La présidentielle française 2017 et le crépuscule des « élites »
Par Jean-Yves Jézéquel
Mondialisation.ca
1 – Tout le monde connaît Christophe Barbier, omniprésent sur les plateaux de télévision, ancien éditorialiste au magazine l’Express. Chacun se représente aisément le journaliste qui porte sa perpétuelle étole rouge de la messe des martyrs et qui affiche le visage innocent d’un jeune communiant. Cet homme là nous expliquait récemment que son métier consistait à «affirmer ses certitudes par essence improuvables» et à être «comme un tuteur sur lequel le peuple, comme du lierre rampant, peut s’élever». (Journal du dimanche du 14 avril 2017).
«Se confronter au terrain pollue l’esprit de l’éditorialiste», affirmait-il encore dans la même interview, alors qu’on le questionnait sur la «déconnexion» dont sont régulièrement accusés les journalistes.
Ainsi donc, l’affirmation voulait aussi dire que le seul et unique rôle des lecteurs, c’était d’acheter le journal et d’en rester là ! Le journaliste fixe les sujets «qui comptent». Il précisait encore : «Les lecteurs en ont marre? Peu importe. On en parle, car pour nous, c’est important». Autrement dit : c’est nous les journalistes kapos qui décidons ce qui est important et ce qui ne l’est pas! Nous sommes là pour encadrer le troupeau ou être les tuteurs du peuple, cette mauvaise herbe rampante qu’il faut discipliner…
Barbier s’insurgeait encore contre « l’agaçante jérémiade des “petits” ». C’est ainsi qu’il a titré l’un de ses éditoriaux concernant les candidats du peuple aux élections présidentielles, car « les petits candidats sont inutiles », voire nuisibles.
Les maires qui les ont parrainés, ajoutait-il encore, sont « des élus que motivent la crédulité autant que la charité, la naïveté autant que l’équité » !
Enfin, cela commence à bien faire, selon Barbier, car « le peuple prend goût au triomphe de l’engouement, au règne du caprice » !
Conclusion : Christophe Barbier préconise un « parrainage obligatoire pour les élus nantis du privilège de signature, mais en organisant le relèvement du seuil à 2 000, voire 5 000 paraphes»; la suppression du «remboursement des frais de campagne » ; l’obligation «d’investir 577 candidats aux législatives»…

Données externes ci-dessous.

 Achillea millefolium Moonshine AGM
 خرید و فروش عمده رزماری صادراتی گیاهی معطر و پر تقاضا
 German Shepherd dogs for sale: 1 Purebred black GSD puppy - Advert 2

Après ces déclarations sidérantes, disant brutalement le déni de démocratie, les journalistes continuent de s’étonner des réactions violentes qu’ils suscitent, de la colère à leur égard et de la méfiance légitime généralisée contre les medias qu’ils animent!

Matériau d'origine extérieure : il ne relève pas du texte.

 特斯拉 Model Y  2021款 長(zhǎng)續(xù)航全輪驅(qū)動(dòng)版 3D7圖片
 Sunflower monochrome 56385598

2 – Quand on entend cet autre discours demeuré sur la politique ou l’économie politique d’une Vanessa Burggraf dans l’émission « On n’est pas couché » de Laurent Ruquier, comment ne pas être sidéré par l’aveuglement de cette personne convaincue d’être libre et exprimant pourtant une pure « servitude volontaire », formatée au discours habituel sur la seule conception possible du monde ultra libéral, monde qui pourtant a entraîné avec lui un désastre sans nom. Cette journaliste est comme tant d’autres du monde des « élites » et des medias, dans une croyance qu’elle prend pour du « réalisme », alors qu’on ne peut pas imaginer plus irrationnel que la croyance ! Comment n’aurait-on pas envie de secouer cette journaliste franchement écervelée, parce qu’elle ne voit pas qu’elle cautionne implicitement le malheur, le désastre, l’échec, la faillite d’un système qui ne veut pas se remettre en cause ?!

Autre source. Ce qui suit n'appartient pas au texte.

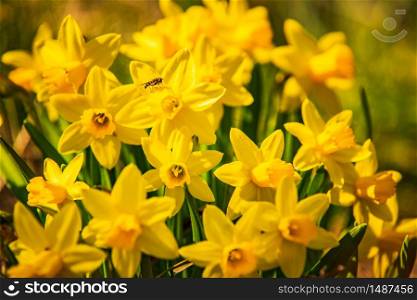 Yellow Daffodil Narcissus flowers outdors in spring. Nature flowers background with selective focus.. Yellow Daffodil Narcissus flowers outdors in spring. Nature flowers background.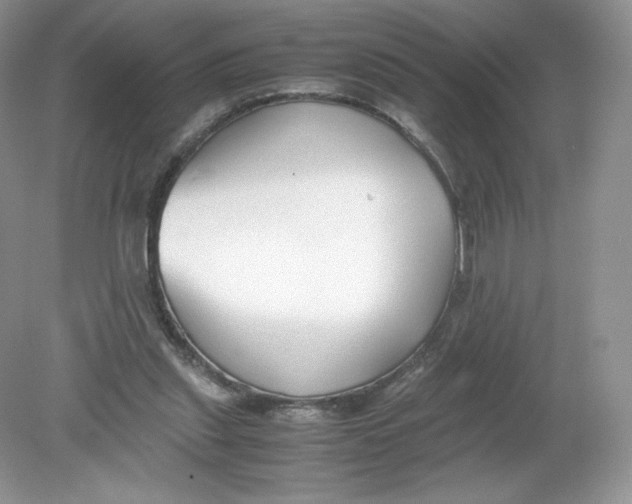 X0000078880253200612042032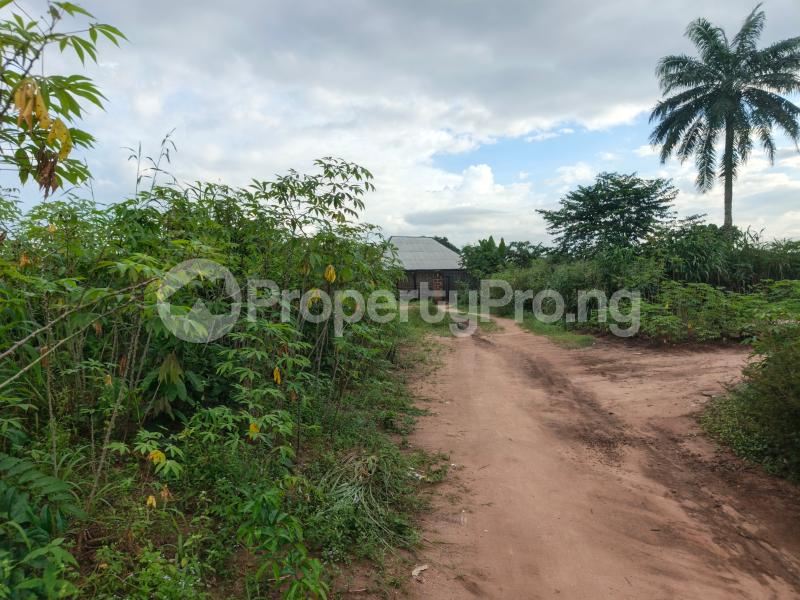 Land for sale Avu Off Ph Road Owerri Owerri Imo - 1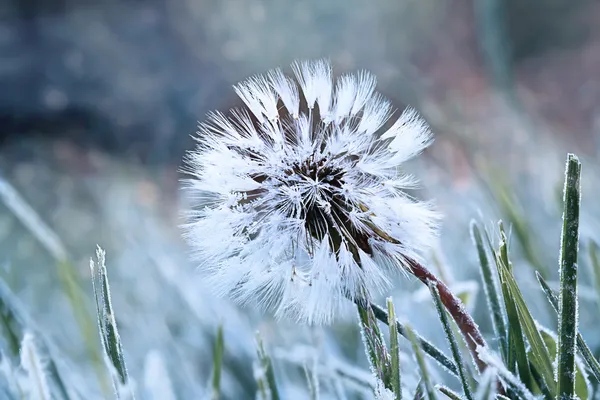 Frozen Dandelion — Stock Photo, Image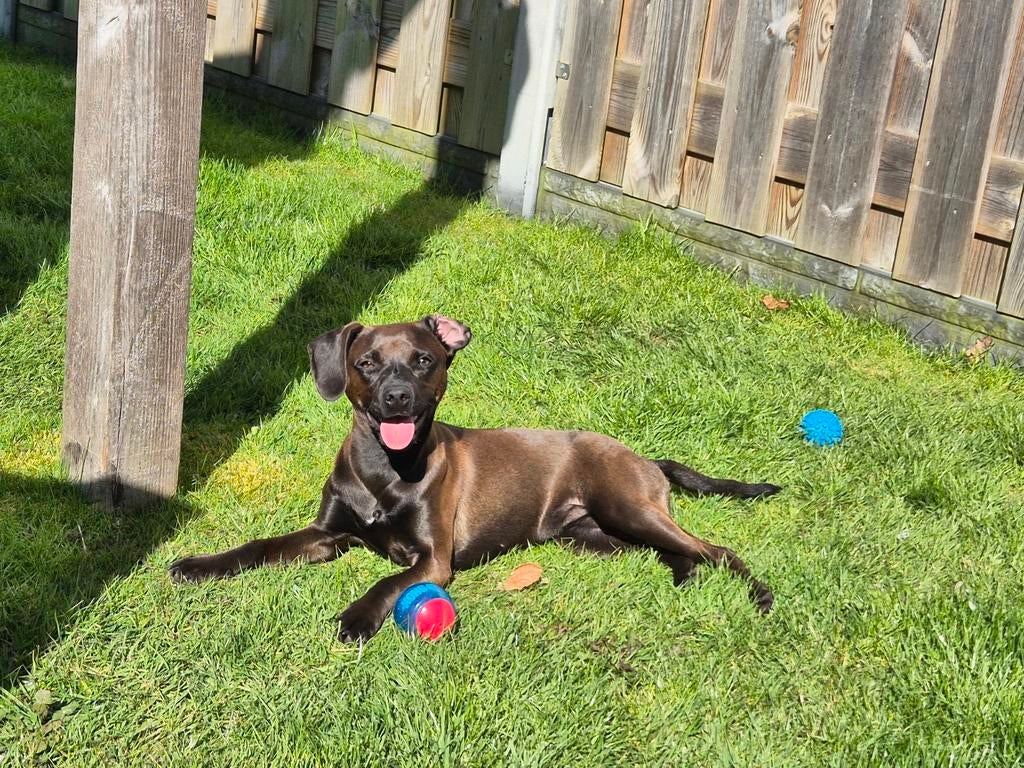 Boerenfox X Patterdale 7 maanden direct beschikbaar, Dieren en Toebehoren, Honden | Jack Russells en Terriërs, Teef, Particulier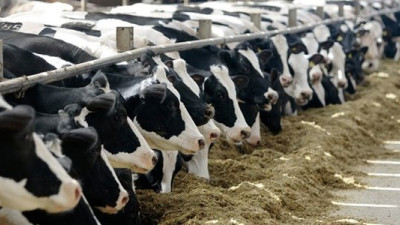 Field to Market, Innovation Center for U.S. Dairy Harmonizing Metrics for Dairy Feed Sustainability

Dès que quelqu’un pense autrement le monde que comme le veut l’idéologie ultra libérale, il est montré du doigt par Vanessa Burggraf et ses semblables, comme « utopiste », « rêveur », « complotiste » ou simplement « imbécile » qui n’a rien compris… Il est traité de « délirant », elle éclate même de rire, ouvertement, comme devant Philippe POUTOU sur «ONPC» où elle le regardait avec condescendance et pitié avant de le tuer par son mépris et son regard étrangement froid, vide de la moindre flamme d’humanité!
En réalité, elle représente tous ces gens qui ne se sentent pas concernés par la dictature de « l’austérité » : elle a un salaire disproportionné au regard de celui qui concerne la majorité des travailleurs de France et donc, des moyens très confortables de vivre ; elle représente les bobos nantis, bon chic bon genre, qui ne sont pas concernés par l’angoisse des fins de mois difficiles, commençant d’ailleurs dès le début du mois pour 80% de la population française incluant les millions de pauvres qui travaillent pourtant tout autant qu’elle sinon bien plus!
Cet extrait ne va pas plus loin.